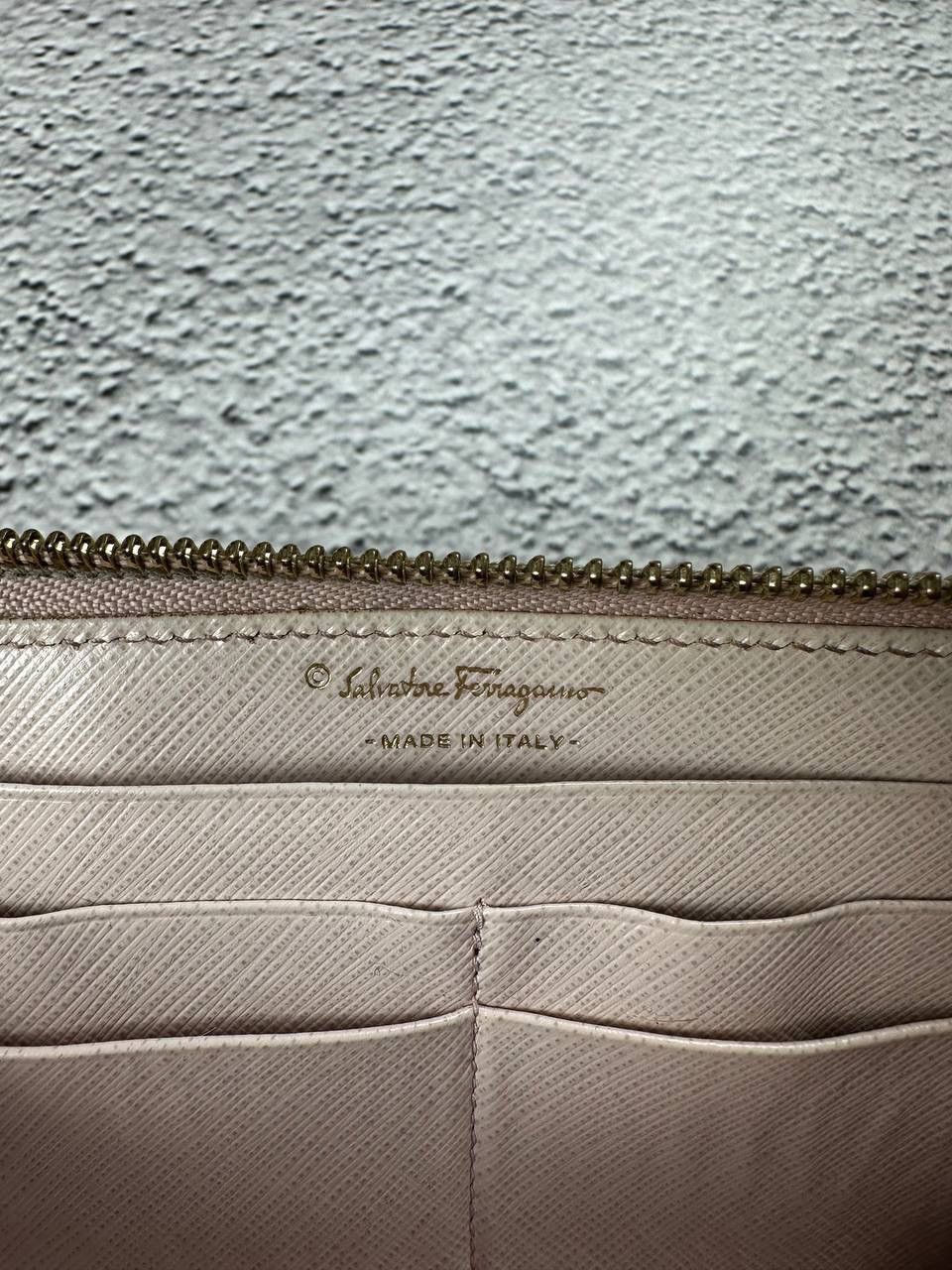 Salvatore Ferragamo Vintage Salvatore Ferragamo Leather Beige Wallet Old Money Size ONE SIZE - 8 Thumbnail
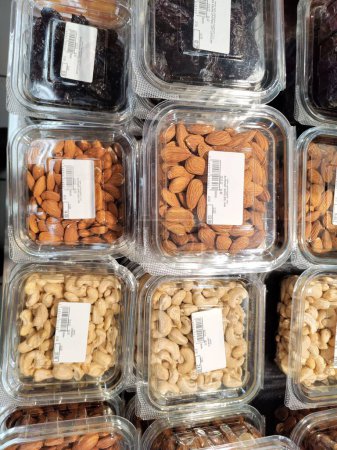 Foto de Vista superior vertical de frutos secos y frutos secos, envasados en cajas de plástico - Imagen libre de derechos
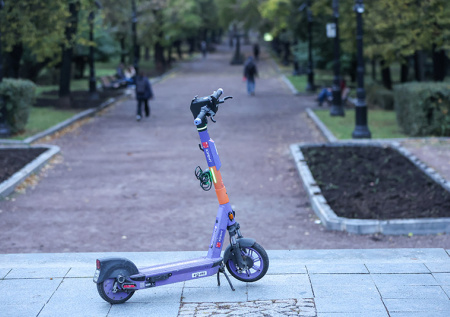 В Госдуме решили запретить движение электросамокатов по тротуарам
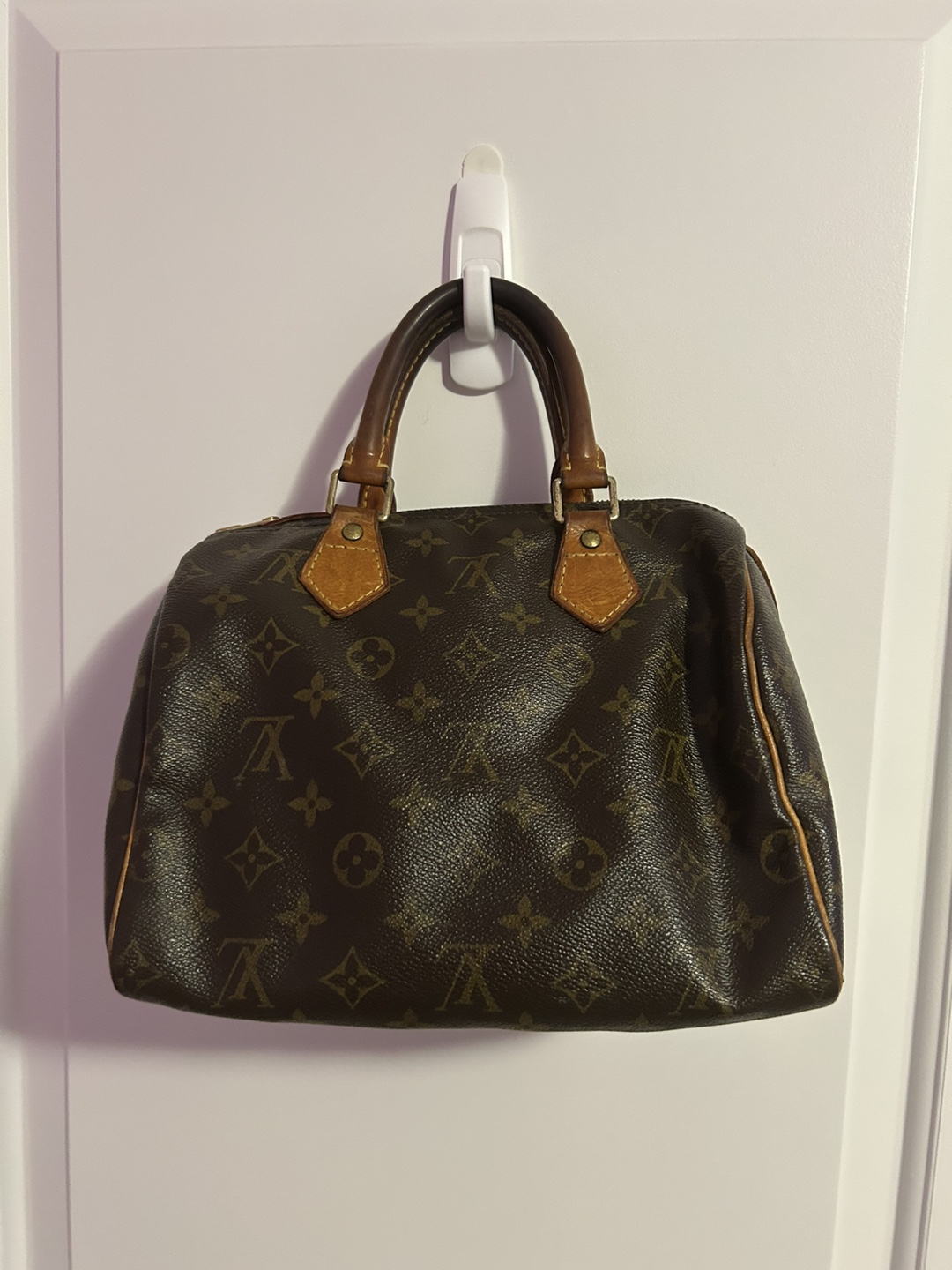 Authentic Louis Vuitton Speedy 25 Monogram Canvas Handbag - photo 2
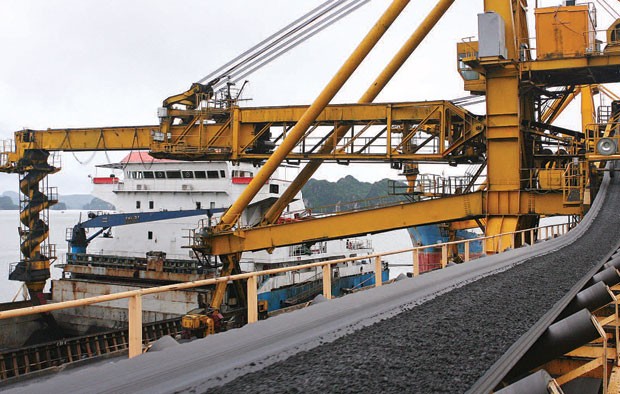 NĐT sẵn sàng bơm tiền cho “chúa chổm” Vinacomin ảnh 1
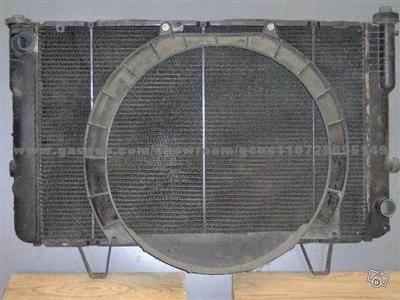 Auto Radiator For Peugeot 505MT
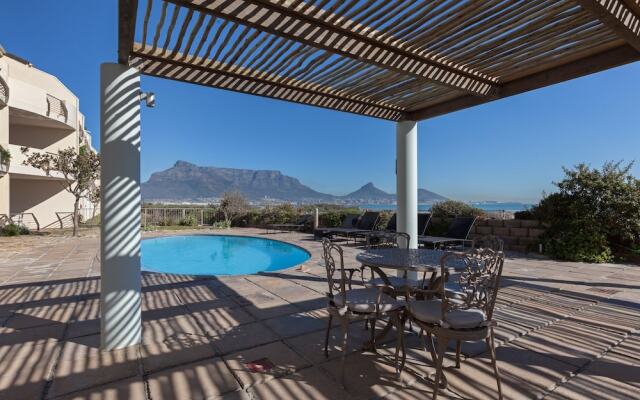 Leisure Bay 306 by CTHA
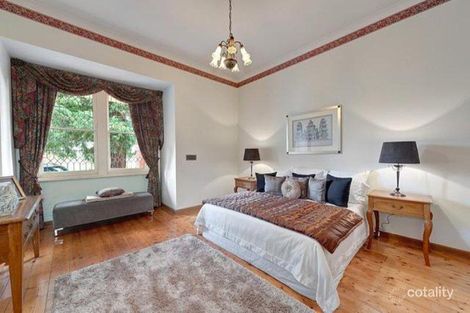 Property photo of 58 St Elmo Road Ivanhoe VIC 3079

◆ EXERCISE DETAILS
Please transcribe exactly the lines from the one that contains "Authentic Louis Vuitton" through the closing line of the entries, with no pictures.

◆ TASK OUTPUT
 Authentic Louis Vuitton Speedy 25 Monogram Canvas Handbag - photo 2
 NĐT sẵn sàng bơm tiền cho “chúa chổm” Vinacomin ảnh 1
 Auto Radiator For Peugeot 505MT
 Leisure Bay 306 by CTHA
 Property photo of 58 St Elmo Road Ivanhoe VIC 3079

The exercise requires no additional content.